A new "ui" namespace for translation tokens. We currently have "volity.*" 
tokens, which are sent by generic referee code, and are built into the 
client -- see wiki [[RPC_Replies]]. And we have "game.* tokens, which are 
sent by game-specific ref code and are built into the UI package.

While working on a UI, I realized that I also wanted some tokens that were 
defined in the UI package and only used *by* the UI code. (UI code can 
translate a token to a string with the localize() API, and then stick the 
string into a <text> element or whatever.) My current implementation uses 
"game.*" tokens for this purpose, but I have to be careful to avoid 
colliding with the tokens defined in the ruleset. And hey -- that is 
exactly what namespaces are for, right?

I could use the XML entity localization system for this, but that turns 
out to be a bit of a nuisance to use inside ECMAScript code. Because you 
generally want to wrap your script code in a CDATA[[]], so that you can 
use literal < and > signs. But then XML entities aren't translated. It's 
possible to work around this, but it's more lines of code.

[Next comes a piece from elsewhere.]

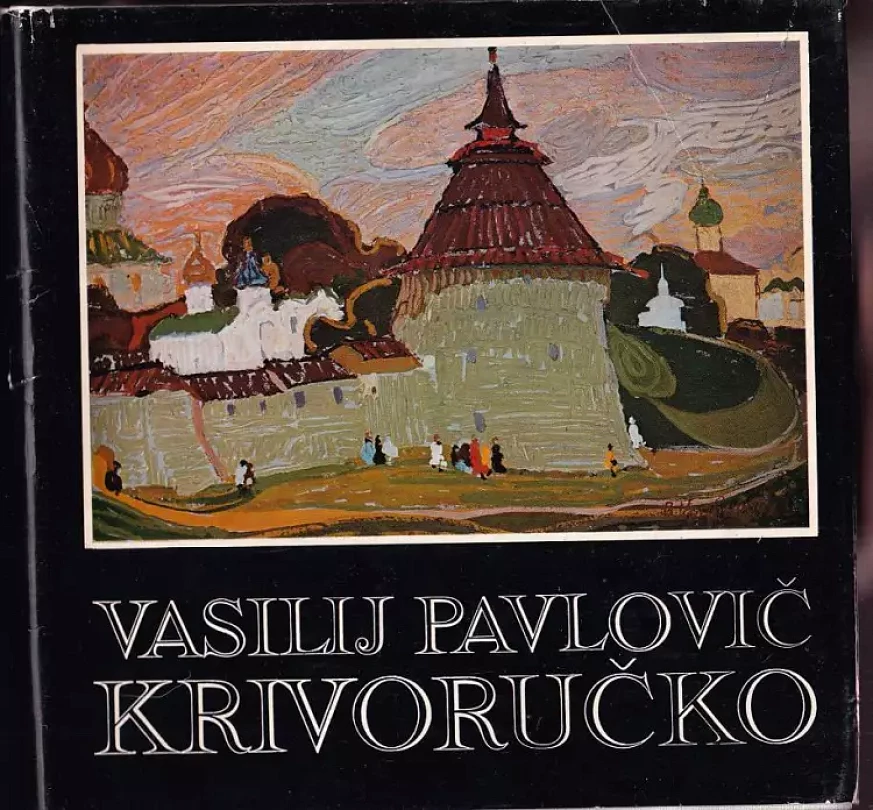 Vasilij Pavlovič Krivoručko : období tvůrčí zralosti (Oldřich Toman, 1981)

Also, the XML entities don't do interpolation, which is handy for what I 
want. (I'm generating strings like "What do you want your \1 to attack?" 
Where the \1 is filled in with another token that translates to a card 
(Continue reading)

katre | 4 Dec 22:10

Re: UI API changes

Andrew Plotkin wrote:
> 2:
> 
> I've been thinking for a while about a way for the UI to mark the seat 
> whose turn it currently is -- in Javolin's seat display panel, not just 
> the UI pane. I'd like to nail down the API for this, even if I don't 
> implement it for a while. (That way I can put the API in as a no-op, and 
> write UI code that prospectively calls it, without hitting errors.)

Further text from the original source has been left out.